A primeira é: (a) estamos diante de uma pandemia mundial que, no Brasil, assume a forma de uma calamidade catastrófica, e a iminência de centenas de milhares de mortos, com incontornável responsabilidade do governo e gera emergência; (b) em 1984 a campanha era realizada contra o último governo da ditadura militar, e a luta pelo Fora Bolsonaro é preventiva diante do perigo de um autogolpe bonapartista[1]; (c) ao contrário de 1984, não estamos diante de uma situação pré-revolucionária, portanto, de auge de lutas, estamos ainda em uma situação reacionária; (d) última, mas o mais importante, é que diferente de 1984, nenhuma fração burguesa importante é a favor da derrubada de Bolsonaro.[2]

Ou seja, prevalece na classe dominante a defesa de que Bolsonaro possa cumprir, sem maiores conflitos, o seu mandato até o fim. Desde que renuncie aos arroubos golpistas, e se distancie da corrente neofascista, portanto, aceite uma tutela.[3]

Como em 1984, a esquerda está dividida sobre o que fazer. Uns estão apaixonados pela “astúcia” da tática da Frente Ampla, desconsiderando a necessidade da Frente Única de Esquerda como condição para levar a luta até o fim. Outros opõem-se, ou secundarizam a defesa da tática da unidade na ação mais ampla para impulsionar o impeachment de Bolsonaro.

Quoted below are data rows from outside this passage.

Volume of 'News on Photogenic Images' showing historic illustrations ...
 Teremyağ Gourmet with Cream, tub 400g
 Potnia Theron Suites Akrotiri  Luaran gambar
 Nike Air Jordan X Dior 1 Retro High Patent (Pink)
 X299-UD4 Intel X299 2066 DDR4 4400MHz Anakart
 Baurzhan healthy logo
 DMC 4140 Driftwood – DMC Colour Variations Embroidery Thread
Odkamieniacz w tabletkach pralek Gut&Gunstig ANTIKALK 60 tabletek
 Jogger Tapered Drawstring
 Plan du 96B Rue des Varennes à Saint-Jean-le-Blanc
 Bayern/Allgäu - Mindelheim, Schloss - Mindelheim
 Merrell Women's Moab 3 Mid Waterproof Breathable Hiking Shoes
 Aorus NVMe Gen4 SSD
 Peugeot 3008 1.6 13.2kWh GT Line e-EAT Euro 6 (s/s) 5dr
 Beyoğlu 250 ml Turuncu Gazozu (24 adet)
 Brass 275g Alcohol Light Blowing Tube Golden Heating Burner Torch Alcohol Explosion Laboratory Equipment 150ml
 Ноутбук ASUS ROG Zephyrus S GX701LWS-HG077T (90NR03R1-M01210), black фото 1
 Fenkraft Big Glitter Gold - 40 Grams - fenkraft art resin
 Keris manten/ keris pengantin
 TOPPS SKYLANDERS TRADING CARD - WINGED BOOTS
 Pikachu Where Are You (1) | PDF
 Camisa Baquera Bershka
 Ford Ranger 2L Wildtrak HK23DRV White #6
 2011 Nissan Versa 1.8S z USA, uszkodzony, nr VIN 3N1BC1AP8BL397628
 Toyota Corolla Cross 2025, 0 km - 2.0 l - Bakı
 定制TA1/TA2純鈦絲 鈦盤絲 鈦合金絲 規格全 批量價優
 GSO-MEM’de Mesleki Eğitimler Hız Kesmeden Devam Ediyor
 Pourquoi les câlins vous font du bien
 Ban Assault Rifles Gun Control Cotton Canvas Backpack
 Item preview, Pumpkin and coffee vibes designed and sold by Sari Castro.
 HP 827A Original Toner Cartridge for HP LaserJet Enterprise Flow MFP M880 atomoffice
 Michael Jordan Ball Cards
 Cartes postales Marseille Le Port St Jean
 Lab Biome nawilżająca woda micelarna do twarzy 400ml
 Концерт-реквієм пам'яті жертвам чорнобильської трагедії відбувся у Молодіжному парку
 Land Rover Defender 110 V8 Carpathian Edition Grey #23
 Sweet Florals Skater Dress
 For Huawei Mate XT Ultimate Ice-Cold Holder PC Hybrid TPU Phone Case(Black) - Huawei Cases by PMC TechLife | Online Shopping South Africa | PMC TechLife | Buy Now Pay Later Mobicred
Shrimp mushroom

A disputa pela liderança pode aparecer como uma batalha de protagonismo pessoal ou partidário, mas não sejamos incautos. É uma disputa de linha, de orientação, de tática, de projeto. A diferença explícita na oposição é lutar ou não para derrubar Bolsonaro antes das eleições de 2022. A diferença subentendida é lutar ou não, quando a crise se agravar, contra a posse de Mourão, e por eleições antecipadas. A diferença oculta dos liberais, como FHC, é como resistir a Bolsonaro sem facilitar o caminho para que a esquerda possa voltar à disputa real pelo poder.

Porque estas diferenças são importantes é que é necessária uma Frente Única de Esquerda para lutar pela unidade de ação a partir de uma posição comum. Infelizmente, uma parcela importante da esquerda anticapitalista brasileira diminui a importância da Frente de Esquerda, e outra a necessidade da unidade de ação.

No contexto da presente conjuntura, a luta pela derrubada de Bolsonaro seria incompleta, sem denunciar a posse de Mourão, e sem a antecipação de eleições para a presidência ainda este ano. E não são livres eleições, se Lula não recuperar seus direitos políticos. Toda a dinâmica desta luta é muito difícil, evidentemente. Este desenlace favoreceria, potencialmente o PT e Lula? Eleições são sempre incertas, mas sim, favoreceria. É isso que explica os limites do manifesto Juntos. A teoria dos “dois demônios” ou dos dois perigos “simétricos”, a defesa do caminho do meio, o “centro democrático”. Ou seja, aqueles que consideram que Bolsonaro é um monstro, mas não se pode correr o risco da esquerda chegar em um segundo turno com chances de vencer.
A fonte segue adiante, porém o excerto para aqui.